Some entity, apparently Iran through Hezbollah or the Revolutionary Guards in Lebanon, tested its technological and operational capabilities and also tested Israel's air defense capabilities. While Israel's air defense systems worked, we cannot ignore the fact that the drone, which was apparently Iranian made, was shot down a mere 30 kilometers from the Dimona reactor. This will give Nasrallah and his masters a cause for celebration.
Israel, which threatens Iran and flies regularly over Lebanon to take photos, received a warning on Saturday: We too can fly above you, take photos and reach your most sensitive sites, so don't mess with us.
Naturally, Israel is withholding information regarding the penetration of the drone into its airspace, because at this very moment professionals in Iran and Lebanon are waiting for every bit of information regarding the drone's flight and the manner in which it was shot down in order to draw operational lessons: Where are the Israeli air defense's weak spots? What are the weaknesses of the drone itself?
Meanwhile in Israel, engineers and intelligence officials are reassembling the drone. It is not every day that you get an opportunity to study a product of Iranian technology so thoroughly and see how far they have come.
Those who launched the unmanned aerial vehicle (UAV) will manipulate the infiltration for their own propaganda purposes, as the drone was shot down only after flying for 20 minutes over populated Israeli areas, an army base and near sensitive facilities such as the Dimona reactor.
Israel is presenting the drone's interception as a show of force and an achievement. The Air Force claims it could have downed the UAV during any stage of its flight over Israel but preferred to shoot it down over a non-populated area to avoid causalities and damage.
IDF forces search for drone's parts (Photo: Haim Horenstein)
The good news is that the system that is supposed to protect Israel's skies works. The drone was detected while it was still flying over the Mediterranean Sea, a few minutes before 10 am. Four F-16 fighter jets were scrambled to intercept the drone even before it entered Gaza's airspace.
The fighter jets' radars also detected the UAV - a significant technological feat considering the fact that drones travels at a slow speed – and later used a heat-seeking missile to down the drone, which emits less heat than other, larger aircraft.

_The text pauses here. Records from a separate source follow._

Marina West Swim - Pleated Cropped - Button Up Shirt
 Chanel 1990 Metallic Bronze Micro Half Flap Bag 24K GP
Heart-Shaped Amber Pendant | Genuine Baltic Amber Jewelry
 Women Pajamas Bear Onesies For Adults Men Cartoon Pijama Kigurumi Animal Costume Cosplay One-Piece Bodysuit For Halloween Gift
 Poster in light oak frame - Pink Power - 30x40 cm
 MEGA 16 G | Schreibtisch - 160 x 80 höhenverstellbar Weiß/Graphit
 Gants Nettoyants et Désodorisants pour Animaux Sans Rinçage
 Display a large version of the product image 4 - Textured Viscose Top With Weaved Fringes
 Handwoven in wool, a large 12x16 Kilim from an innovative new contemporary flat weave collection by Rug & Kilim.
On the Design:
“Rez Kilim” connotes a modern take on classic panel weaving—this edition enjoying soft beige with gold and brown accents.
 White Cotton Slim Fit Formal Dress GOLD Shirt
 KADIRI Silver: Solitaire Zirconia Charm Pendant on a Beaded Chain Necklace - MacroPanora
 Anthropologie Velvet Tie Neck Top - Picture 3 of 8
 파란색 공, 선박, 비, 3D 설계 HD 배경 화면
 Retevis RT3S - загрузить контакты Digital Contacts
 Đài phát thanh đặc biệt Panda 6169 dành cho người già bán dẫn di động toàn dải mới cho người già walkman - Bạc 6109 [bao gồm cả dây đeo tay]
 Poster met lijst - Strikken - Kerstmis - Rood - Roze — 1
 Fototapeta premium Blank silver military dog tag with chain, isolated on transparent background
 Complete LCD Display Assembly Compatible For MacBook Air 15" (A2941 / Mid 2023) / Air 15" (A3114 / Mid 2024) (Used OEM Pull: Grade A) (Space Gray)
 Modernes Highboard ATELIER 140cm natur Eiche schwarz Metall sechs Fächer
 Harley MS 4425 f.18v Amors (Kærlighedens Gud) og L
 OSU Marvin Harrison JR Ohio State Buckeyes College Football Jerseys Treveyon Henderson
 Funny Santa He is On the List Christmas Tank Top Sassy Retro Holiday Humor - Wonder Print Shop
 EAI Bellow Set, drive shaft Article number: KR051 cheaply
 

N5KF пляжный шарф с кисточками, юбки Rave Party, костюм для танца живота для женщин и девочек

The fact that the drone was launched on a Saturday morning is not coincidental. Its operators apparently assumed that the level of alertness is lower on Saturday, when all kinds of civilian planes and hang gliders are in the air.
The bad news is that the drone, which apparently departed from Lebanon, flew over the sea for at least three hours, and did not raise enough suspicion in Israel until it approached Gaza's coastline. This may indicate a technological or protocol problem, or perhaps a lack of alertness. In any case, the incident calls for improvements in all three areas.
The drone's interception should remind Israel's citizens of what army intelligence has known all along: The other side is constantly looking for ways to infiltrate the country, for weak points, and it is preparing what Nasrallah referred to as a "surprise weapon" – a weapon that will infiltrate deeper into Israeli territory, a weapon that is meant to rattle the State of Israel's nerves.
Now Israel will check whether Iran's drones have more advanced capabilities, such as a space-based satellite navigation system (GPS), which is more accurate, or even a satellite communication system.
Such a drone is capable of carrying intelligence gathering apparatus or weapons systems. It can also serve as a 'suicide drone' laden with explosives, which can crash into a target such as a cruise missile.
In the next war drones will come from the north in waves, and Gaza may contribute its part as well, as Hamas is working independently to develop its own UAVs.
For now there are more questions than answers, but there is no doubt that this incident constitutes a major turning point as far as Israel's security is concerned. The Iranians sent us a message via Lebanon: You will be attacked not only with rockets and missiles, but with explosives-laden unmanned aircraft as well.